Feestdagen na het einde van de arbeidsovereenkomst
194 of 312
Indien een arbeidsovereenkomst eindigt, en de werkgever moet ingevolge de wetgeving op de feestdagen het loon betalen voor een feestdag die na de einddatum van de arbeidsovereenkomst valt, wordt die dag aangegeven met prestatiecode 1 op de aangifte van het kwartaal waarin de arbeidsovereenkomst eindigt, en dit ongeacht of die feestdag in hetzelfde, dan wel in het daaropvolgende kwartaal valt. De feestdag wordt met andere woorden aangegeven alsof hij binnen de normale periode van tewerkstelling viel, zonder dat de einddatum van de tewerkstellingslijn verandert.

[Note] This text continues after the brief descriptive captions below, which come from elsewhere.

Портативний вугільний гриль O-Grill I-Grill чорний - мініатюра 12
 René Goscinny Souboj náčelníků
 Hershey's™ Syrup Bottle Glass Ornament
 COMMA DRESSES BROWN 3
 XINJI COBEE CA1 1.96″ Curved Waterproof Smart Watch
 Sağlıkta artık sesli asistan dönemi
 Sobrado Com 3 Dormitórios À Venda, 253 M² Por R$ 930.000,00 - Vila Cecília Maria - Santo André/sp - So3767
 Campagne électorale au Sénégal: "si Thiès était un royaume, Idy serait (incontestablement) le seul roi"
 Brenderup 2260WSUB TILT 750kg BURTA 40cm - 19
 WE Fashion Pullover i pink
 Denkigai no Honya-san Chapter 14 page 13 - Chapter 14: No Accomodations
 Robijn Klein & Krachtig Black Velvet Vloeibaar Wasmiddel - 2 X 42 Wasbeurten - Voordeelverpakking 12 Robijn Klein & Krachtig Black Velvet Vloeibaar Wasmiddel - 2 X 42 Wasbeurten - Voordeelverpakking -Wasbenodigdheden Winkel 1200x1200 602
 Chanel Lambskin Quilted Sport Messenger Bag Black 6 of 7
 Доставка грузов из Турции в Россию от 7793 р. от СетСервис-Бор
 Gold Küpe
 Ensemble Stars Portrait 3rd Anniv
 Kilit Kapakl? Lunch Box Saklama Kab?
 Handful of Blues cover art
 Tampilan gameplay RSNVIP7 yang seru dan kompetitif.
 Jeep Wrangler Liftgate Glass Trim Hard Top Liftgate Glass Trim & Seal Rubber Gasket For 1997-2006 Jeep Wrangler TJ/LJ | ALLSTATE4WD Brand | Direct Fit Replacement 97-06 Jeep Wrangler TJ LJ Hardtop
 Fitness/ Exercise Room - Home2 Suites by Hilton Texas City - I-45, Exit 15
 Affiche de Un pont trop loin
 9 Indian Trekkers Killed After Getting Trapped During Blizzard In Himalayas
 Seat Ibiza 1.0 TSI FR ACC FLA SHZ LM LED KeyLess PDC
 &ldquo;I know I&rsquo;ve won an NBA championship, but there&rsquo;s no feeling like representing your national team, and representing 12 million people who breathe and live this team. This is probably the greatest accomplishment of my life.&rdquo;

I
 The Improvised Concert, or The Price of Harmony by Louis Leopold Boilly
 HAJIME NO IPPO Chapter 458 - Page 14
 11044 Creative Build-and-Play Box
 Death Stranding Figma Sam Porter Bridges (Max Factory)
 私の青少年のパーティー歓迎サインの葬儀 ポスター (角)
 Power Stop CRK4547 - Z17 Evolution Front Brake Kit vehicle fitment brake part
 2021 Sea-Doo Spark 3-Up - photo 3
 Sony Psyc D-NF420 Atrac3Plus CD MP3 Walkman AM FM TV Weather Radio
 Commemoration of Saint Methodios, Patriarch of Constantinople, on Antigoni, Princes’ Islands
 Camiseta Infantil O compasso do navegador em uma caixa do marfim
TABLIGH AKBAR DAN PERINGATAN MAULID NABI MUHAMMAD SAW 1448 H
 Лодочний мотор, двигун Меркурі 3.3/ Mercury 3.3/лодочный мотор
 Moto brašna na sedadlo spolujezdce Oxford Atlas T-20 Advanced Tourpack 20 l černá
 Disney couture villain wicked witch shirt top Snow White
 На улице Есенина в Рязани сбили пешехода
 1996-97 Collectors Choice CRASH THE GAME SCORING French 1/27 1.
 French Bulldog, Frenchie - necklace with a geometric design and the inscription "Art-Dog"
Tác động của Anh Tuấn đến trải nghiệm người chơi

Opeenvolgende contracten Indien een werknemer achter elkaar met verschillende arbeidsovereenkomsten wordt tewerkgesteld, moet er steeds een nieuwe tewerkstellingslijn gebruikt worden, en moeten de loon- en prestatiegegevens per lijn opgesplitst worden. Indien de verschillende overeenkomsten elkaar echter opvolgen zonder dat er zich tussen de contracten andere dan de normale rustdagen bevinden (bv. de gebruikelijke contracten in de uitzendsector van maandag tot vrijdag), dan mogen de loon- en prestatiegegevens van de verschillende contracten op één tewerkstellingslijn samengevoegd worden. Dit mag echter uitsluitend indien de verschillende contracten dezelfde kenmerken hebben. Dit betekent o.a. dat indien het gaat om werknemers van wie de prestaties in uren moeten worden aangegeven (deeltijdsen, seizoenarbeiders, uitzendkrachten,...), het aantal uren van de werknemer en van de maatpersoon identiek moeten zijn, niet alleen de verhouding tussen beide. Voorbeeld Een werknemer van een uitzendkantoor werkt met zeven opeenvolgende contracten van maandag tot vrijdag, drie opeenvolgende weken halftijds in een regeling 19/38 uur per week, nadien een week in een regeling 18,5/37 uur en tot slot opnieuw drie weken in een regeling 19/38. In dat geval moet u drie tewerkstellingslijnen gebruiken, één voor de loon- en prestatiegegevens van de eerste drie weken, één voor de gegevens van de vierde week en één voor de gegevens van de drie laatste weken.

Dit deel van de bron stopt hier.